**Exercise details**
Give back a single figure: the number of lines in the entries below that contain "Tank".

[Records provided — start]

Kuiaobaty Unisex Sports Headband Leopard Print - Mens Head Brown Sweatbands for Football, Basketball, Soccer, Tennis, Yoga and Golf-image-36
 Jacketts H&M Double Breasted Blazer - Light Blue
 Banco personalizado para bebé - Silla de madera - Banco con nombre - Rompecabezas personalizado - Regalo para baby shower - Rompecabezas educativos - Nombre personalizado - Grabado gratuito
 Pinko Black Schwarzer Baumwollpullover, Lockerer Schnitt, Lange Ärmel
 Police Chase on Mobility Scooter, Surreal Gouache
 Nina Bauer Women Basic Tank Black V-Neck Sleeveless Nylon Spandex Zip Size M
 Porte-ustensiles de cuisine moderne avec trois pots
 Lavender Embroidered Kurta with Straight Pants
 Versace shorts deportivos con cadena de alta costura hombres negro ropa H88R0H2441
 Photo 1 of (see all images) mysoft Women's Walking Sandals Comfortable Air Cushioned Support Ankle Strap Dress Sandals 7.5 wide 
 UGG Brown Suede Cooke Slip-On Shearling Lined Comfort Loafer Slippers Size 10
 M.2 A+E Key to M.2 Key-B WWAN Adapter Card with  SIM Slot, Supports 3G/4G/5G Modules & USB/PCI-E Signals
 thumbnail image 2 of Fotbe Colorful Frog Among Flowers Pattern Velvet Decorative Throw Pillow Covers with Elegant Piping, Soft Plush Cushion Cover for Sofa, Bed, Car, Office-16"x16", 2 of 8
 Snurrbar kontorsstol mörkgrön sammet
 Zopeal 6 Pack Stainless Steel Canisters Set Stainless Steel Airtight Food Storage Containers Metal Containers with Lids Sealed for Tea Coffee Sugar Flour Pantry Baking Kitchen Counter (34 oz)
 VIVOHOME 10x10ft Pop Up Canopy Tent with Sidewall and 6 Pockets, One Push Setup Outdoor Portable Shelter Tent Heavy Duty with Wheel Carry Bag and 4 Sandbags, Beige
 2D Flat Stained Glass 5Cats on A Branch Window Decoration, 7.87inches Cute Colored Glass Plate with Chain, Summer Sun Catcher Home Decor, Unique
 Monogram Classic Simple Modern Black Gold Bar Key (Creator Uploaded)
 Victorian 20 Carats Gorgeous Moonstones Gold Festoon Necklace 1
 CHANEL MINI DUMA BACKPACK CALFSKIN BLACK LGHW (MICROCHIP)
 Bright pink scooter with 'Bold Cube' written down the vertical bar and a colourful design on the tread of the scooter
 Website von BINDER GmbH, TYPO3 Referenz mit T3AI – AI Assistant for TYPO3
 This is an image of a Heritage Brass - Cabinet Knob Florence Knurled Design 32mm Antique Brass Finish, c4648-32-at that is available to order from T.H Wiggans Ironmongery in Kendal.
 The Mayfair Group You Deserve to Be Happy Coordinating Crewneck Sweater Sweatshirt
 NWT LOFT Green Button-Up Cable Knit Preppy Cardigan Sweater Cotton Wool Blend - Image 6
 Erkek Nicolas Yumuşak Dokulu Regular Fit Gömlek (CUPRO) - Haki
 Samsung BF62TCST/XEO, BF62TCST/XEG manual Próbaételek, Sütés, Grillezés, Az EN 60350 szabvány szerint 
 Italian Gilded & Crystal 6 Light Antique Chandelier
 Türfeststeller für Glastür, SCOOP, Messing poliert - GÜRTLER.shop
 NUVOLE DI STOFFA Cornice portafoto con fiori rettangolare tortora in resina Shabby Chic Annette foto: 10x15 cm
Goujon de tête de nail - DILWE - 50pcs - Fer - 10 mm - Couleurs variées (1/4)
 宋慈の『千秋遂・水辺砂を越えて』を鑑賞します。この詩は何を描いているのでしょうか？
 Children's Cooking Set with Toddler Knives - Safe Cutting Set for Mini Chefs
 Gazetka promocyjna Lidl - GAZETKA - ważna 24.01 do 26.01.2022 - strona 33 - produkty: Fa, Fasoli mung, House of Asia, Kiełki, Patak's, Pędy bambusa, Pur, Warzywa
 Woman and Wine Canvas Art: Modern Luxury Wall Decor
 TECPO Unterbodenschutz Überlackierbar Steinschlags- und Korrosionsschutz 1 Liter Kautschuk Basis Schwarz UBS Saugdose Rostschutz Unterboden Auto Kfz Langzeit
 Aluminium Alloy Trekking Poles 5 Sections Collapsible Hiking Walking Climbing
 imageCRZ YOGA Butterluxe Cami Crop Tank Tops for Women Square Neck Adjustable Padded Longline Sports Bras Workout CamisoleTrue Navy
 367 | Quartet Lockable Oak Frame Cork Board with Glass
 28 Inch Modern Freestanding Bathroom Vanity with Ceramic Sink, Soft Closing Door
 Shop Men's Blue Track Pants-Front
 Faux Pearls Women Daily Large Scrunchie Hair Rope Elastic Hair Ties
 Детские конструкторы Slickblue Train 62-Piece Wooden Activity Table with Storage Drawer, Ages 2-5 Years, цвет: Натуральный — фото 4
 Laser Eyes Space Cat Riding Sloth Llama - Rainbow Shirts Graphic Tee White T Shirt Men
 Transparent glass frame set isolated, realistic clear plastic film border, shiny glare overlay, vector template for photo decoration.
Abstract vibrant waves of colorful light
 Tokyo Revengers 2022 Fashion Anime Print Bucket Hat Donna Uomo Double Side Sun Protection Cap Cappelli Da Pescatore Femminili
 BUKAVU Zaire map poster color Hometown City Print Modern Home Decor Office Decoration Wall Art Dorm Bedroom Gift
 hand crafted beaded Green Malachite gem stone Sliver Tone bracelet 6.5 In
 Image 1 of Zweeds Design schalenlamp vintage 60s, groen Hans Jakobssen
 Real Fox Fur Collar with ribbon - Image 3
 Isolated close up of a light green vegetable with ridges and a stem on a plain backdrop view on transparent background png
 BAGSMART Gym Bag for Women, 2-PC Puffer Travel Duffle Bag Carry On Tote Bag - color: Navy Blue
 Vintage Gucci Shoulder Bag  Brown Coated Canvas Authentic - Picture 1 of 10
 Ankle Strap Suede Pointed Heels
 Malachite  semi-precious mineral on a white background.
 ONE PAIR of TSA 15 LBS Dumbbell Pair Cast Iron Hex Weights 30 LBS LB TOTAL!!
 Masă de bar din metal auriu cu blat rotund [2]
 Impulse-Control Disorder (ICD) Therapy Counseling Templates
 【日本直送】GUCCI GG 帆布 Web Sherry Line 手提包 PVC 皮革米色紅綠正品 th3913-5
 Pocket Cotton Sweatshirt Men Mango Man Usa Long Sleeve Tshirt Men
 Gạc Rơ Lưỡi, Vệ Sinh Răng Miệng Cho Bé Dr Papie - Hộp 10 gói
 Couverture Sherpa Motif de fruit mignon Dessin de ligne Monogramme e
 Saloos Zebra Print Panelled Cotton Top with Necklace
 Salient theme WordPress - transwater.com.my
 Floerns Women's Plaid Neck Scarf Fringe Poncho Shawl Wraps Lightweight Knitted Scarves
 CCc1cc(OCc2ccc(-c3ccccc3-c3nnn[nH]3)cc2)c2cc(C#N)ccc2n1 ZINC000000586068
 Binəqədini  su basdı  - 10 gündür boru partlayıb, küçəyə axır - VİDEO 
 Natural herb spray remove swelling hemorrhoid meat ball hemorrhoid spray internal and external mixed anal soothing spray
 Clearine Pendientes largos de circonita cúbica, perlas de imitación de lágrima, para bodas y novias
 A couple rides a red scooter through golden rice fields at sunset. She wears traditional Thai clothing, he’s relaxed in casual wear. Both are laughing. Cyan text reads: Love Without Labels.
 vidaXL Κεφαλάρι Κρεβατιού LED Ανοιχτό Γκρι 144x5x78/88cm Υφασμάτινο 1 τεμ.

[Records provided — finish]

**Exercise solution**
2